Please output the listing that follows exactly, but keep all images out.

*Data extract*.
■ ■ ■ ■ ■

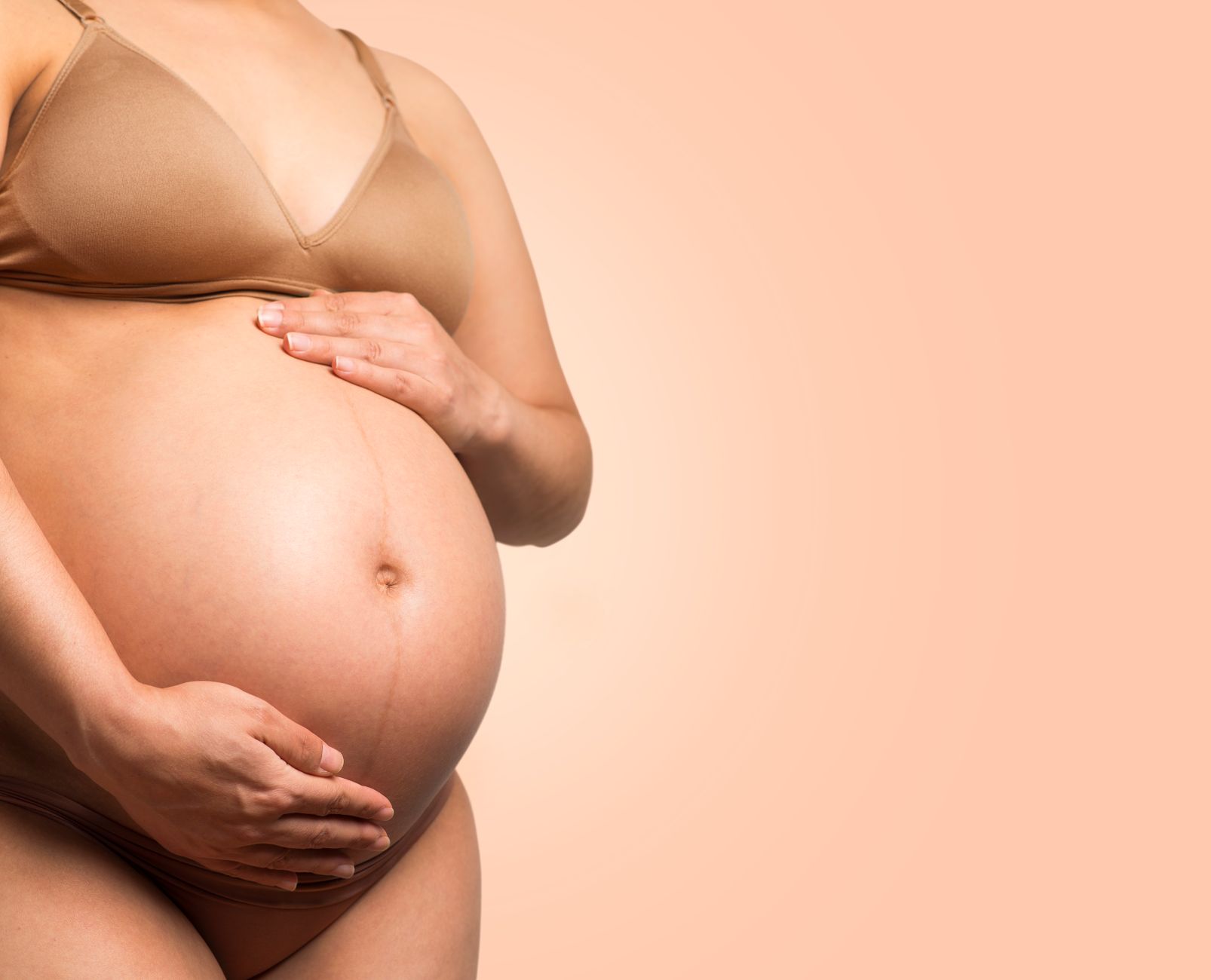 Grossesse en fin de terme, ventre rond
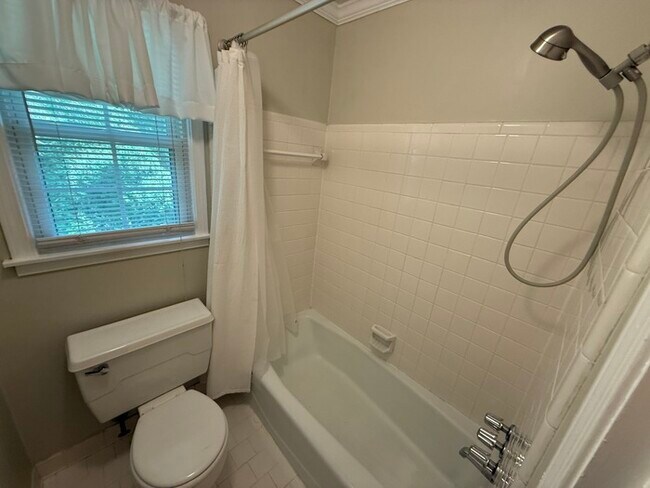 Building Photo - 5556 Hunters Hill Rd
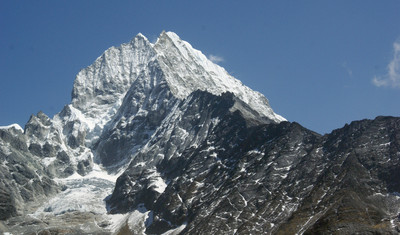 Thamserku vu du village Khumjung, Népal Thamserku vu du village Khumjung, Népal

■ ■ ■ ■ ■

*Solution for this exercise*.
 Grossesse en fin de terme, ventre rond
 Building Photo - 5556 Hunters Hill Rd
 Thamserku vu du village Khumjung, Népal Thamserku vu du village Khumjung, Népal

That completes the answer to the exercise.